Maximum force in newtons (N) in the x-axis at each cutting event for cutters c1, c4 and c6

Fig. 13
figure 13

Sample images of rescaled forces in the x-axis during cutting events: a 225 and b 250. Although there is a sudden increase on the mean force during cutting events 225 and 250 (which is not visible after normalisation), the wear does not increase at that same rate. In fact, the GASF images suggest there is not much change on the wear as the force patterns are very similar

A similar comparison with the work of Wu et al. [9] is not straightforward as results are presented as total accuracy on the test set, with no detail of which tools were used for training and for testing. As a result, it is not possible to determine from the reported results how the proposed approaches are capable of dealing with the noise or changes in the data distribution.

A current disadvantage of the GASF representation is the loss of the magnitude information of the measurement during normalisation, as this normalisation process is performed individually by image, not taking into account the maximum value of all the observations. A combination of GASF and actual magnitude encoding could potentially be more effective, particularly for the cases like in c1, where conditions could change suddenly.

6 Conclusions and future work

This paper presents an approach to tool wear classification by means of sensory data imaging and deep learning. The GASF encoding keeps the temporal correlations for each flute, which is an advantage over classification methods that are based on statistical features, where the features of a particular flute are lost. Experimental results show the ability of the CNN to capture and learn the features on the raw data to correctly classify tool wear condition. Overall, the percentage of accurately classified cases on the test set is high, achieving in most cases above 80% when testing in a new cutter. The moment prior to the transition from critical wear to failure is in most cases correctly identified, and the cases where it is incorrectly classified were generally labelled as a failure, which from an application standpoint means the replacement of the tool would still be enacted. These results show the importance of using a training sample set that can represent all of the input space. In this case, the training set needs to be enriched with samples from multiple cutters to ensure the successful detection of the transition period from severe to failure. The application of this work will allow for the extension of the remaining useful life of the tool, improve cut quality and ensure machining elements are replaced before failure.

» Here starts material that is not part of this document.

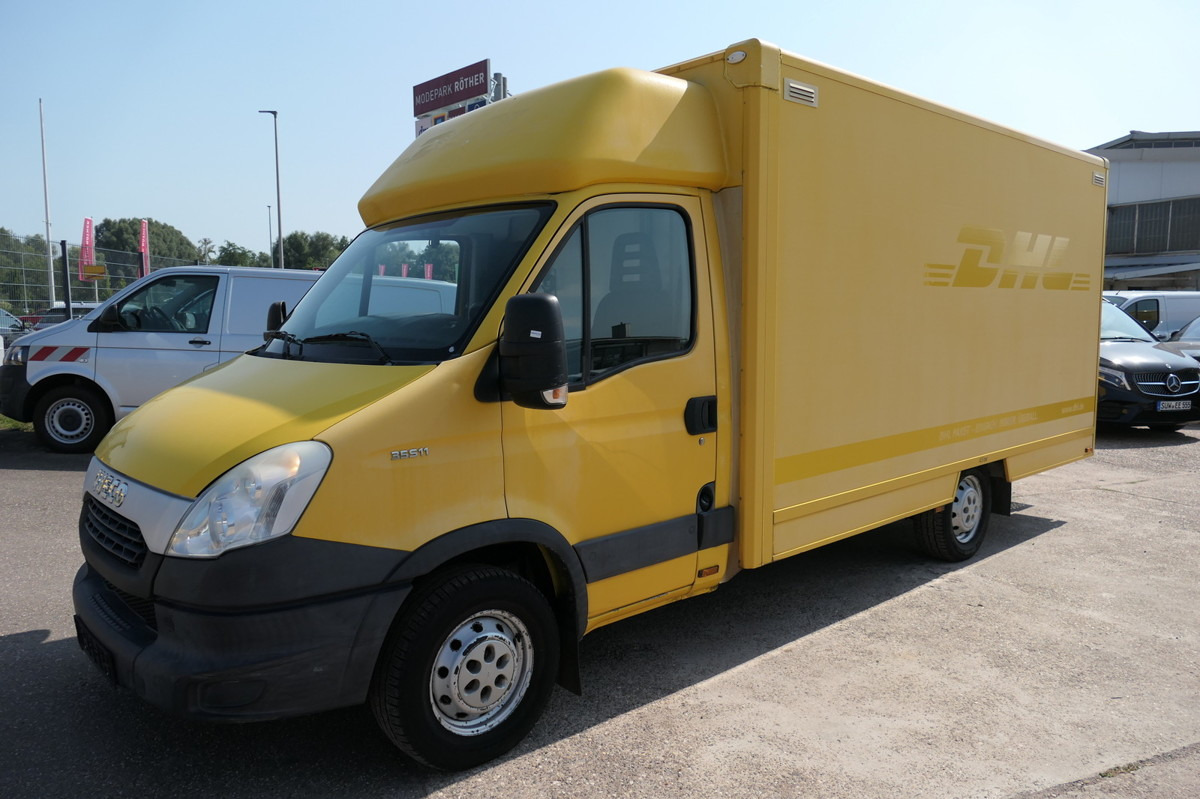 IVECO Daily 35 S11 C30C AUTOMATIK KAMERA Regale LUFT D - Van box: gambar 2 IVECO Daily 35 S11 C30C AUTOMATIK KAMERA Regale LUFT D - Van box: gambar 2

Future work will include parallelisation of the architecture and its implementation to run in GPUs as well as incorporating the approach in a cloud architecture. Techniques for partially retraining the architecture will also be explored to study its adaptation capabilities when new data becomes available. Additional work will also include experimentation with more input channels on the GASF image to feed in multiple sensor data and improve the accuracy of the classification. Finally, further enhancements to the encoding technique will be investigated such as incorporating the magnitude information.